# SQL with Python Reference Guide 6
# Aggregation
## (Justin M. Olds)
Based on Stanford SQL course: https://lagunita.stanford.edu/courses/DB/SQL/SelfPaced/info

---
**Aggregation overview** 

These functions appear in the SELECT clause and perform different operations across the selected rows. Such as, **MIN, MAX, SUM, AVG, COUNT**

These aggregation functions are supplemented within SELECT statements with new clauses: "GROUP BY" and "HAVING".
* **GROUP BY** allows results to be partitioned into separate groups.
* **HAVING** allows for queries to test based on filter conditions. 


In [3]:
import sqlite3
import pandas as pd

conn = sqlite3.connect("class.db")
c = conn.cursor()

---
### Tables and Insert code below (same as before--college admissions data)

In [4]:
c.execute('DROP TABLE IF EXISTS College')
c.execute('DROP TABLE IF EXISTS Student') 
c.execute('DROP TABLE IF EXISTS Apply') 

c.execute('CREATE TABLE College(cName TEXT, state TEXT, enrollment INT)')
c.execute('CREATE TABLE Student(sID INT, sName TEXT, GPA REAL, sizeHS INT)')
c.execute('CREATE TABLE Apply(sID INT, cName TEXT, major TEXT, decision TEXT)')
conn.commit()

In [5]:
c.execute('DELETE FROM Student')
c.execute('DELETE FROM College')
c.execute('DELETE FROM Apply')

c.execute("INSERT INTO Student VALUES (123, 'Amy', 3.9, 1000)")
c.execute("INSERT INTO Student values (234, 'Bob', 3.6, 1500)")
c.execute("INSERT INTO Student values (345, 'Craig', 3.5, 500)")
c.execute("INSERT INTO Student values (456, 'Doris', 3.9, 1000)")
c.execute("INSERT INTO Student values (567, 'Edward', 2.9, 2000)")
c.execute("INSERT INTO Student values (678, 'Fay', 3.8, 200)")
c.execute("INSERT INTO Student values (789, 'Gary', 3.4, 800)")
c.execute("INSERT INTO Student values (987, 'Helen', 3.7, 800)")
c.execute("INSERT INTO Student values (876, 'Irene', 3.9, 400)")
c.execute("INSERT INTO Student values (765, 'Jay', 2.9, 1500)")
c.execute("INSERT INTO Student values (654, 'Amy', 3.9, 1000)")
c.execute("INSERT INTO Student values (543, 'Craig', 3.4, 2000)")

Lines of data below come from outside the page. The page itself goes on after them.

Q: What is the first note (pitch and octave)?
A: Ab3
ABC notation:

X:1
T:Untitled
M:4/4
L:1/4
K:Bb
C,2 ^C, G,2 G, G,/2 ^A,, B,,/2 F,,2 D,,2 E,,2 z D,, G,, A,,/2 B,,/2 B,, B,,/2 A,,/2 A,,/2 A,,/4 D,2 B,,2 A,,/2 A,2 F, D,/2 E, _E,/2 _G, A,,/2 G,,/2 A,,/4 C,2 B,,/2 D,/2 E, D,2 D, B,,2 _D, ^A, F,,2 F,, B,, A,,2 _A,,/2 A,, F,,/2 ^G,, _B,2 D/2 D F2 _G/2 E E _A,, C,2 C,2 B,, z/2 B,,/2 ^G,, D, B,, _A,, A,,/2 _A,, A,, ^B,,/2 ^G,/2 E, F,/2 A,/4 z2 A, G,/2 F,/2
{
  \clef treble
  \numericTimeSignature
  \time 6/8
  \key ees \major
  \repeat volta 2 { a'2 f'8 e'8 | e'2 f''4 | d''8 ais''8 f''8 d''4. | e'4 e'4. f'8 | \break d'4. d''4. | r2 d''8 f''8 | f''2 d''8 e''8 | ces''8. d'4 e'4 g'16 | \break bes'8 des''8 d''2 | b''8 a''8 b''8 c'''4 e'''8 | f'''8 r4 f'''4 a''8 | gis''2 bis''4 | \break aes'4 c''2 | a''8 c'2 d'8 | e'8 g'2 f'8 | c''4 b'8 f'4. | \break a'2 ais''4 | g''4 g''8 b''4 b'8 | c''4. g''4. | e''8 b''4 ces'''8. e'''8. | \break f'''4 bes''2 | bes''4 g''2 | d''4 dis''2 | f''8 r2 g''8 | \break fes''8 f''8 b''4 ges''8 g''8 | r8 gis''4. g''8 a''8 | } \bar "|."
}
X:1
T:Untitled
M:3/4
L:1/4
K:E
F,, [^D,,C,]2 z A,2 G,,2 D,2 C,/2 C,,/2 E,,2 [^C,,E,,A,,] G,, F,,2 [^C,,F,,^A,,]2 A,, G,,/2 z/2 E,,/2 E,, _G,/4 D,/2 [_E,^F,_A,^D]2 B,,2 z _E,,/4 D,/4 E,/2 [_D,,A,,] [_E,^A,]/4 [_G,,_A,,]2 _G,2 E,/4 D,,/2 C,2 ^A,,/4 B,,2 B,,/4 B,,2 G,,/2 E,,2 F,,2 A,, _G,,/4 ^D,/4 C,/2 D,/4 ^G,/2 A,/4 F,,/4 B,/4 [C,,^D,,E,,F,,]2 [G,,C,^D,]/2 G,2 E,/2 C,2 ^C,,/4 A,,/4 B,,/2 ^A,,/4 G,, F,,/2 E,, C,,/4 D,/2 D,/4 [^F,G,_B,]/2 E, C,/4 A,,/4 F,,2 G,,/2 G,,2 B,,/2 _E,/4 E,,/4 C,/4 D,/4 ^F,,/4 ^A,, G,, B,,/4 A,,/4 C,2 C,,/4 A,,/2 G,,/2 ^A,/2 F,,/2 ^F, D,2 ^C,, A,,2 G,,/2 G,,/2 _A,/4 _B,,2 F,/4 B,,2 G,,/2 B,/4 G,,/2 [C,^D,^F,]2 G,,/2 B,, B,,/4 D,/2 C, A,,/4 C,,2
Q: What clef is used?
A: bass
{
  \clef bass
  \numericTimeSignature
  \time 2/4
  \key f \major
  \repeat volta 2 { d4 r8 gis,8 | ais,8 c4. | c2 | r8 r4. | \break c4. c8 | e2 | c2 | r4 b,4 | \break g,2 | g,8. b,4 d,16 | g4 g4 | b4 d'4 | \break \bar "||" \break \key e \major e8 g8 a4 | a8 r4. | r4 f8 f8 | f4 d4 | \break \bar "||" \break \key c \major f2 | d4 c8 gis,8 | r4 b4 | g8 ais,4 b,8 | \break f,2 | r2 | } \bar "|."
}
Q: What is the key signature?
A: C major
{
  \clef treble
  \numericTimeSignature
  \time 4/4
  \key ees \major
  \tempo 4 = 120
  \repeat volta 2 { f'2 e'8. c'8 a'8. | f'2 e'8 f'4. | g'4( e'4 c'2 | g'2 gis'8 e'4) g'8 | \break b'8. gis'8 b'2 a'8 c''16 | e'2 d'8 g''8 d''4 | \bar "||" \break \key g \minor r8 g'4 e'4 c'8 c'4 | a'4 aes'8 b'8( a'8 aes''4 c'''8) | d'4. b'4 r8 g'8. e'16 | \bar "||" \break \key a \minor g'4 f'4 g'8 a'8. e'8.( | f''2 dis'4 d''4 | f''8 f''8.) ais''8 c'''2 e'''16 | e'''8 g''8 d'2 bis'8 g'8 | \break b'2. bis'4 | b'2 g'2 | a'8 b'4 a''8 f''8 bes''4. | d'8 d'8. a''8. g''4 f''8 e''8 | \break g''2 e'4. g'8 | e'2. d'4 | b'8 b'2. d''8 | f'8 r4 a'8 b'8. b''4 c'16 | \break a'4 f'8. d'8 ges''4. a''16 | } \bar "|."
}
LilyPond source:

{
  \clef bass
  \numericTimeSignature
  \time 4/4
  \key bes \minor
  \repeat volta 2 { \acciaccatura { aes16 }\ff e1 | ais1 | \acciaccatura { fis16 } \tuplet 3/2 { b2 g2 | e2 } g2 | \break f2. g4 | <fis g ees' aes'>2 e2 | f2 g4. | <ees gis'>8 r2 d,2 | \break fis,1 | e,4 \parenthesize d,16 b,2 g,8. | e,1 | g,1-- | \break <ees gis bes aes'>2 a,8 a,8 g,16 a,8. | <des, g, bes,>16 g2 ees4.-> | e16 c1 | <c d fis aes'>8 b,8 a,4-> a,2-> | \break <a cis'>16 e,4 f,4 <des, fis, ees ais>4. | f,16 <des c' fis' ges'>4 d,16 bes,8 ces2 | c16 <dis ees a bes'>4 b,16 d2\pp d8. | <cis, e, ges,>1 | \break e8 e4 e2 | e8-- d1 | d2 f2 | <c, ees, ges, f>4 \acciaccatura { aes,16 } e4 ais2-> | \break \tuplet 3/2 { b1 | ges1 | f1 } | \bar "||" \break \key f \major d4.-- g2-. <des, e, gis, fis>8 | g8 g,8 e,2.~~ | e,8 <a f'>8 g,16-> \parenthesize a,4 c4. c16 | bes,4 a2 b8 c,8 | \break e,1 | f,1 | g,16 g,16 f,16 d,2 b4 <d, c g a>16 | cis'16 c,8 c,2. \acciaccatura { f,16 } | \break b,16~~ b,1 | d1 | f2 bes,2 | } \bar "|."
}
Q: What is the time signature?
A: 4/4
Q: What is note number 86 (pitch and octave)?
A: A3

c.execute("INSERT INTO College values ('Stanford', 'CA', 15000)")
c.execute("INSERT INTO College values ('Berkeley', 'CA', 36000)")
c.execute("INSERT INTO College values ('MIT', 'MA', 10000)")
c.execute("INSERT INTO College values ('Cornell', 'NY', 21000)")

c.execute("INSERT INTO Apply values (123, 'Stanford', 'CS', 'Y')")
c.execute("INSERT INTO Apply values (123, 'Stanford', 'EE', 'N')")
c.execute("INSERT INTO Apply values (123, 'Berkeley', 'CS', 'Y')")
c.execute("INSERT INTO Apply values (123, 'Cornell', 'EE', 'Y')")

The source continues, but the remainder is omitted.